■ **ACTIVITY**:
Your answer must match the records word for word and contain no pictures.

(Short text fragments from websites)
________________________

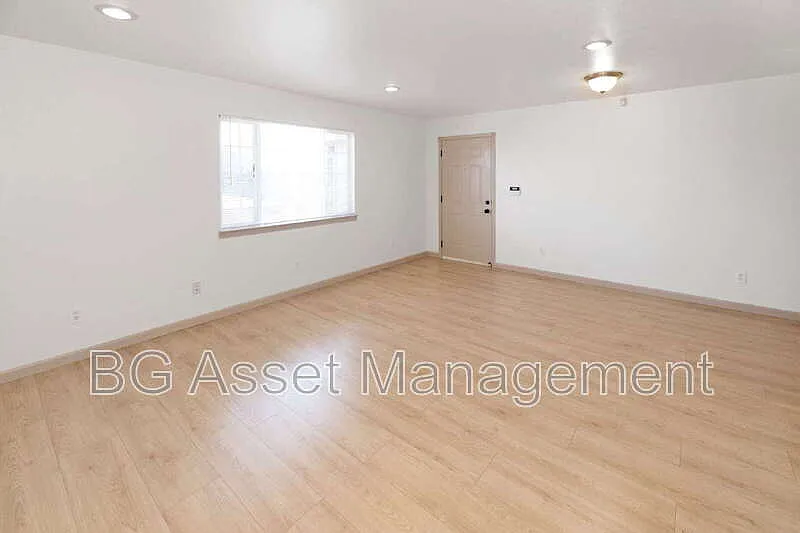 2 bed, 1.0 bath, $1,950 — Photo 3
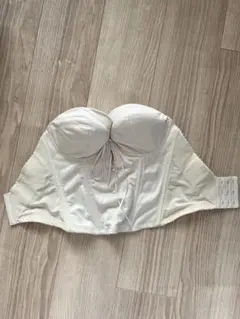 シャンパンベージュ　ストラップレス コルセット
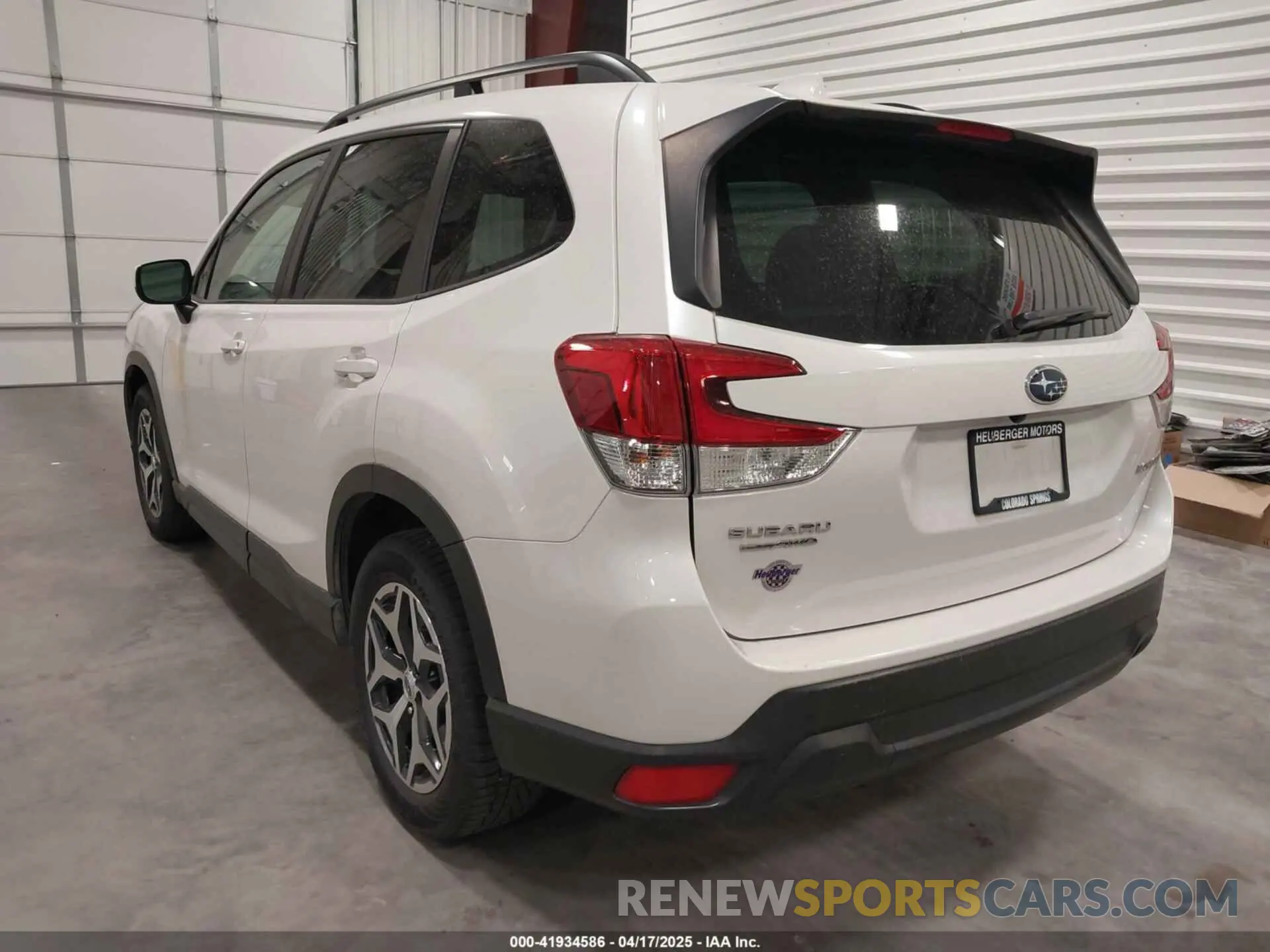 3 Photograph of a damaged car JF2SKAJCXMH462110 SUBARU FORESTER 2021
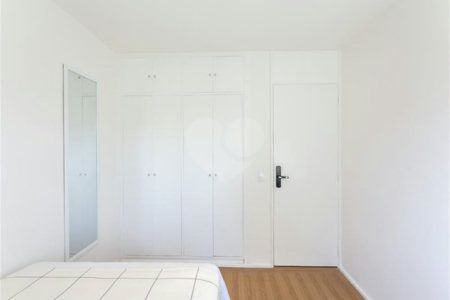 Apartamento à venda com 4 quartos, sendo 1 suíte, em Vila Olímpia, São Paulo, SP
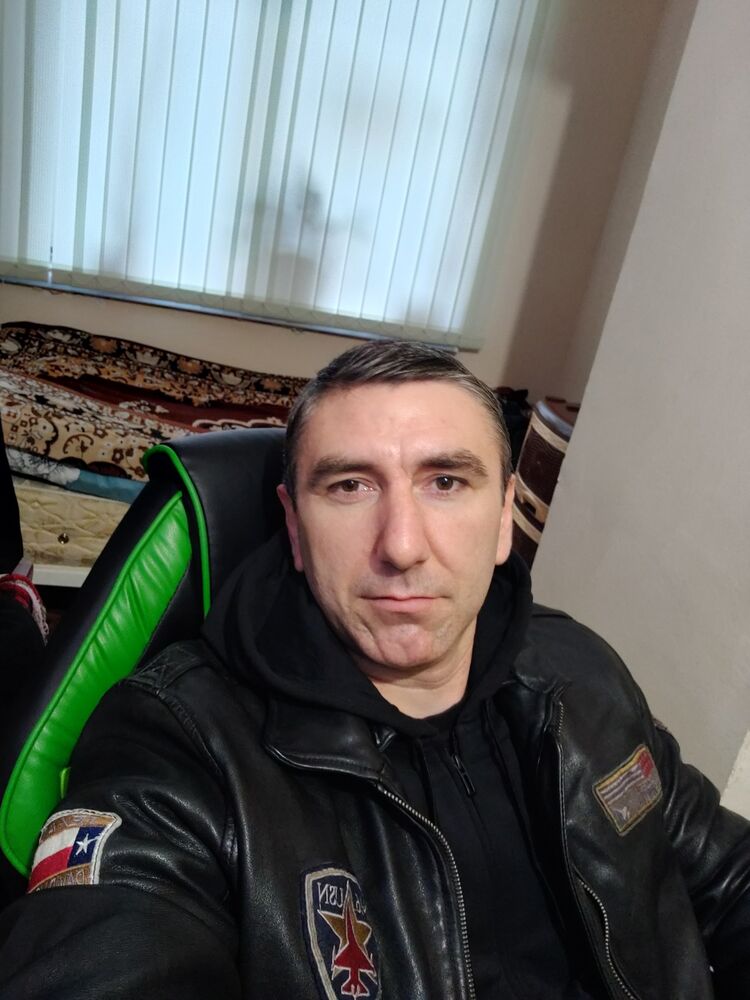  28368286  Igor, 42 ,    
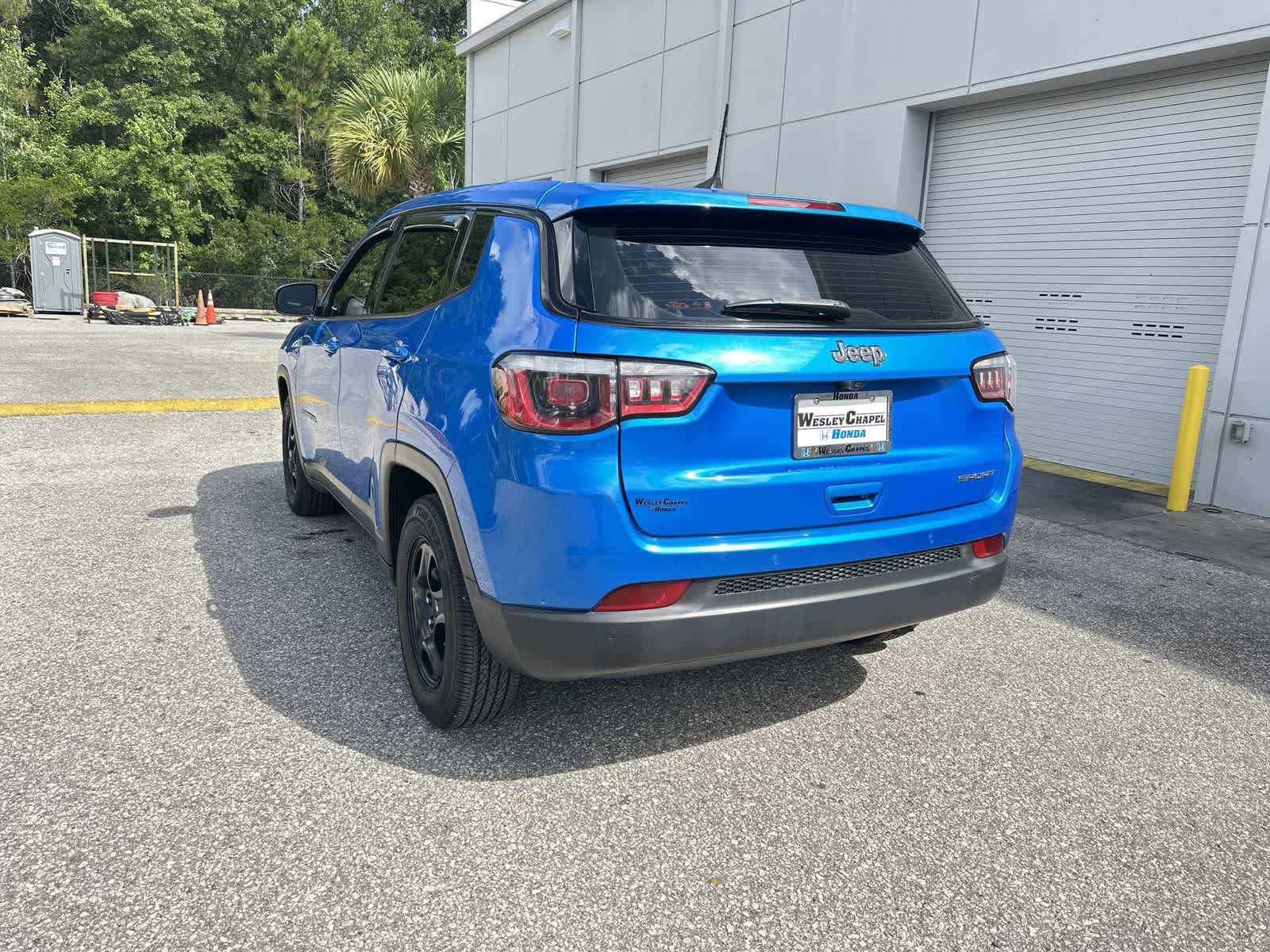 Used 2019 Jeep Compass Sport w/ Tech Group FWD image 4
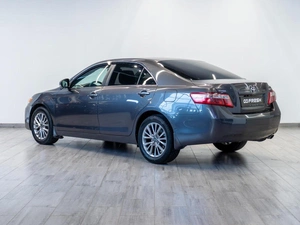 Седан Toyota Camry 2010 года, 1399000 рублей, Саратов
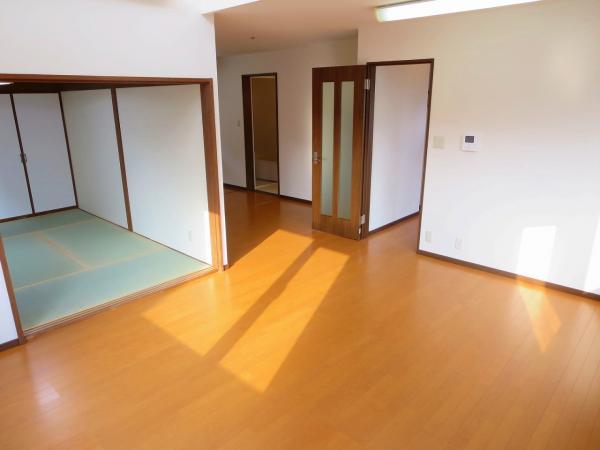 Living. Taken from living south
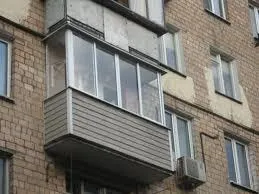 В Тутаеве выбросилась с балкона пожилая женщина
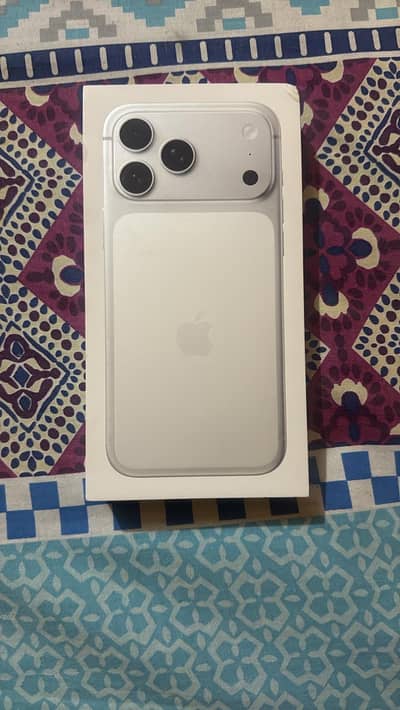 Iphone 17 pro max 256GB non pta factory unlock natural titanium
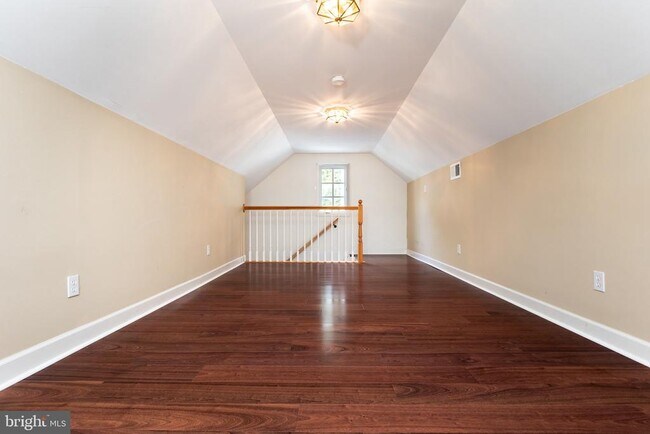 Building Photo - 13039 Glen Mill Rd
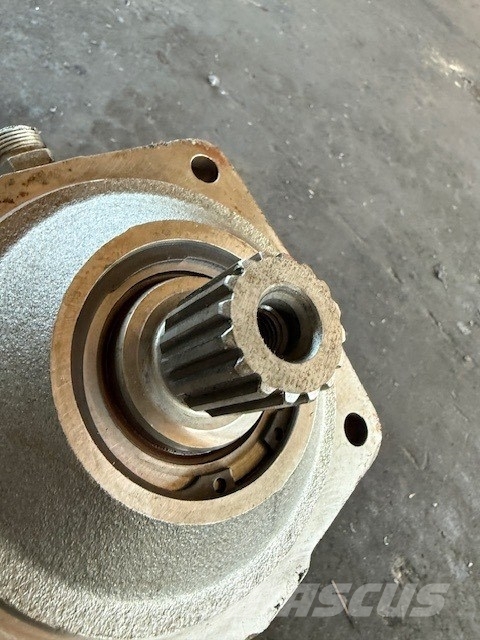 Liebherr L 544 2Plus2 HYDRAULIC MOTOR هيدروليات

________________________

■ **RESULT OF THIS TASK**:
 2 bed, 1.0 bath, $1,950 — Photo 3
 シャンパンベージュ　ストラップレス コルセット
 3 Photograph of a damaged car JF2SKAJCXMH462110 SUBARU FORESTER 2021
 Apartamento à venda com 4 quartos, sendo 1 suíte, em Vila Olímpia, São Paulo, SP
  28368286  Igor, 42 ,    
 Used 2019 Jeep Compass Sport w/ Tech Group FWD image 4
 Седан Toyota Camry 2010 года, 1399000 рублей, Саратов
 Living. Taken from living south
 В Тутаеве выбросилась с балкона пожилая женщина
 Iphone 17 pro max 256GB non pta factory unlock natural titanium
 Building Photo - 13039 Glen Mill Rd
 Liebherr L 544 2Plus2 HYDRAULIC MOTOR هيدروليات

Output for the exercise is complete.